Next Generation Sequencing (NGS) identify somatic mutations in driver genes in up to 90% of patients with MDS. Intensive Chemotherapy (IC) is commonly used in patients with High-Risk Myelodysplastic syndromes (HR-MDS), especially those who are candidates to receive allogeneic Hematopoietic Stem Cell Transplantation (HSCT).
To evaluate the impact of somatic mutations in patients with HR-MDS receiving intensive chemotherapy.
We retrospectively analysed 35 HR-MDS patients, including Acute Myeloid Leukaemia (AML) with <30% of blast (FAB RAEB-T), treated with IC. DNA from bone marrow samples from diagnosis was screened for somatic mutations by NGS, using a NextSeq platform (Illumina). Funding sources: PI17/01741; GRS 1349/A/16; GRS 1179/A/15; CM17/00171.

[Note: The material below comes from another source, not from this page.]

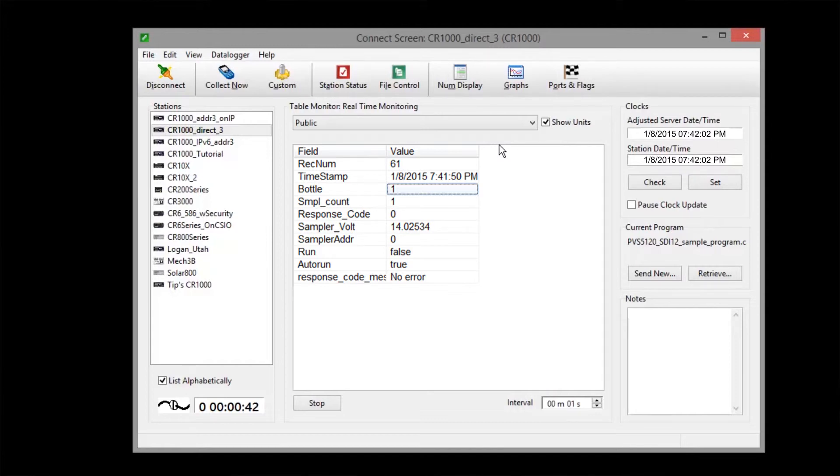Monitor this public table to make sure you're getting the expected results before deploying your sampler in the field and once it has been deployed.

Median age of our patients was 50 years (p25-p75 40-58); 60% were male. According to WHO 2008 classification 16 (45.7%) were AML, 15 (42.9%) RAEB-2, 3 (8.6%) RAEB-1 and 1 (2.9%) RCMD. Among patients with calculated R-IPSS (27 of 35 patients) 7 (25.9%) were intermediate risk, 11 (40.7%) were high risk and 9 (33.3%) were very high risk. 26 patients (74.3%) underwent HSTC. Karyotype was good in 17 (48.6%), intermediate in 5 (14.3%), poor in 3 (8.6%), very poor in 3 (8.6%) and unknown in 7 patients (20%); 4 patients (11.4%) had a complex kariotype. 19 patients (54.3%) had a Complete Response without Minimal Residual Disease (CR MRD-) prior to transplant or after chemotherapy; 16 patients (45.7%) had any detectable disease.
Regarding mutational status, median number of mutated genes per patient was 2. Only 6 patients (17.1%) did not present any mutations; 8 patients (22.9%) had 1 mutated gene, 7 (20%) had 2 mutated genes, 7 (20%) had 3 mutated genes, 5 (14.3%) had 4 mutated genes and 2 (5.7%) had 5 mutated genes. Most frequently mutated genes were: RUNX1 in 6 patients (18.6%), SF3B1, SRSF2, U2AF1, IDH1, STAG2 and NPM1 in 4 (11.4%) and TET2, DNMT3A, NF1, TP53, WT1 and NRAS in 3 (8.6%); other mutated genes were presented with a lower frequency.
We found a significant association between mutational status (mutated vs. non-mutated) and response prior to transplantation or after chemotherapy: 100% of CR MRD- in non-mutated patients vs. 44.8% in those with detectable disease (p = 0.022). Only mutations in U2AF1 were significantly associated with absence of MRD- (p = 0.035).
We analyse samples from 12 patients prior to transplant in order to determine in chemotherapy is able to “clear” somatic mutations: 8 of them were non-mutated pre HSCT and 7 had any mutated gene. We didn’t found any relationship between “clearing” of mutations and disease status prior to transplant.
After a median of follow up for survivors of 4.35 years, median Overall Survival (OS) and Disease Free Survival (DFS) were 6.24 and 0.83 years, respectively. Non-muted patients had a significantly better DFS than patients with any mutation at diagnosis (83.3% vs. 21.4%, p = 0.019). Univariate analysis determined that mutational status (mutated vs. non-mutated), complex karyotype and somatic mutations in SF3B1, SRSF2 and TP53 significantly influenced on DFS. In the multivariate analysis only mutations in SRSF2 (HR 6.42) and TP53 (HR 8.77) retained their signification.
We conclude that the presence of somatic mutations at diagnosis in patients with HR-MDS receiving intensive chemotherapy could have a significant impact on DFS and could be related with response.